― 「剛性」という言葉が、エンジニアの感性を鈍らせた ―
次に開発したのがパフォーマンスダンパー(車体制振ダンパー)です。
ご自慢のREASを使って、とある限定車企画のプロト車のサスチューニングを進めていましたが、一向にOKが出ない。超高速域での車体が揺らぎ、サス自体が性能を発揮できない状態でした。普通ならばここで車体をしっかりさせる(補強とか補剛とかいいます)のですが、実際そうしてもむしろ悪さばかりが次々顔を出すばかりでした。
「これは何かが違うのではないか・・・」と、悩んでいると、「ポコッ」と音を立てるように「車体が揺らぐならダンパーを付ければいいんだ」と頭に浮かんだのでした。
さあ、どんなダンパーなら車体の極々微小な変位に減衰を効かせることができるのか。まずはゴム板を2枚のアルミ板ではさみ、それぞれの板を左右のサスタワーに固定する。ゴム板は粘弾性ゴムを使用するので、何らかの減衰力が車体の離れた2点間に作用するはず。
結果は、イメージした通り! いやな揺らぎは消え、これまで感じたことのない「しっかり」したステアリング応答がありながら、とても落ち着いている。「これで日本車はドイツ車に勝てる!」と思った瞬間でした。

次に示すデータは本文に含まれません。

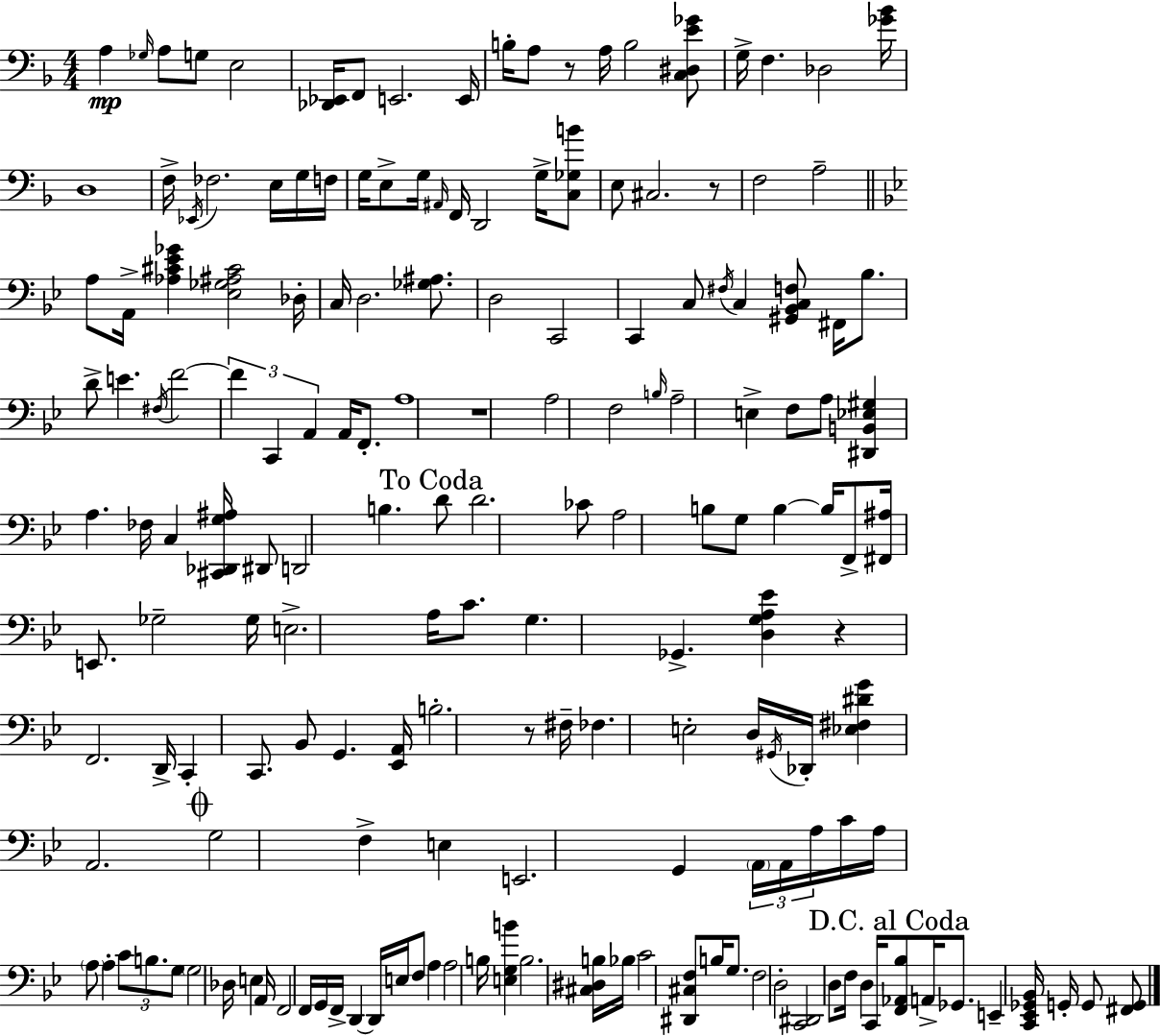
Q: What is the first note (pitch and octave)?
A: A3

その後ゴム板は、車体制振ダンパーの概念を証明することはできましたが、完全な性能を出すことはできず、製品としては不完全でした。最終的には、お得意のオイルダンパーを工夫して非常に高性能で定量的な管理ができる「パフォーマンスダンパー」が完成しました。
ところがそこからも苦労が続きます。
あまりに難解な理論に、周りがついてこないのです。
「動かないところにダンパーを付けてどうするのか」と振動の専門家が笑い。「そんなのただの棒だ」とも言われました。理屈を説明しても、それがどう作用するかを想像できない人々が大半でした。一生懸命説明したあげく、「つまり車体剛性をあげるのですね」と言われた時、ガクッとすると同時に、はたと気が付きました。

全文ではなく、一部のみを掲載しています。